For Becca Harrison ’14 grad, who teaches a First-Year Writing Seminar on science and society topics called “Food-Flix and Chill,” the lack of University communication about the status of Monday classes left her turning to her students to think of ways to proceed.

“Today was really hard,” Harrison wrote in an email to her students. “In my entire time at Cornell I’ve never experienced such urgency in campus emergency alerts or uncertainty about safety … I’m feeling quite a bit of grief for losing the level of comfort I might have taken for granted.”

Harrison’s class is on Mondays at 8:05 a.m., so she solicited feedback and suggestions from her students about the best use of their class time — offering to have individual meetings, hold class but talk about non-writing topics or to cut class short. 

“Moving ahead tomorrow like everything is ‘normal’ is not an option,” she wrote. “I want to do what works best for you all, but I’m not sure what that looks like.”

Ivy League colleges face similar threats 

Cornell isn’t the only college campus shaken from evacuations and bomb threats. A similar alert went out to members of Yale University this past Friday, Nov. 5. Yale police received calls of bombs being placed in multiple Yale University buildings, prompting evacuations around campus. 

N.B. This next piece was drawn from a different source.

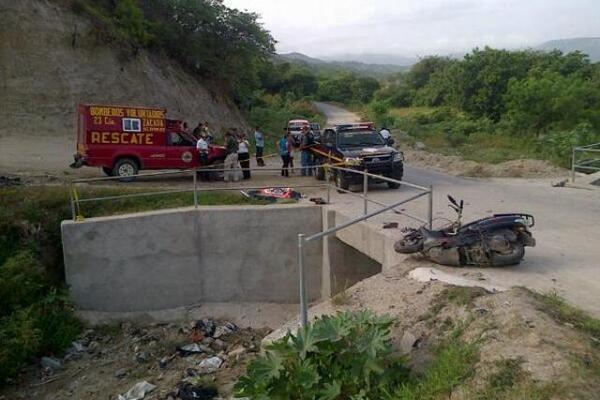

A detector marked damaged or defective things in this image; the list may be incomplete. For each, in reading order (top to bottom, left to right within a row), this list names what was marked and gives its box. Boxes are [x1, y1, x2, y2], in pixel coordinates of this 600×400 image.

damaged motorcycle [396, 195, 536, 268]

And on Sunday, three buildings at Columbia University were evacuated after bomb threats — the alert coming just 30 minutes after Cornell’s. Columbia notified its students that police had concluded their investigation at 4:44 p.m. after more than two hours of search. At Brown University, the first alert notifying the campus community of a bomb threat came at 3:50 p.m., before being cleared at 5:45 p.m.     

“As Cornell investigated this threat, we learned that several other universities around the country experienced similar hoaxes,” Malina wrote. “Cornell will work closely with local, state, and federal investigators pursuing links among these threats of campus violence.”

After a day that shook the campus community, there are few answers as of Sunday night, beyond the “not credible” designation about the bomb threats, and many are uncertain about what is to come. 

“We are relieved to report that this threat appears to have been a hoax,” Malina said in the final Cornell communication at approximately 7:48 p.m. “A cruel hoax; but, thankfully, just a hoax.”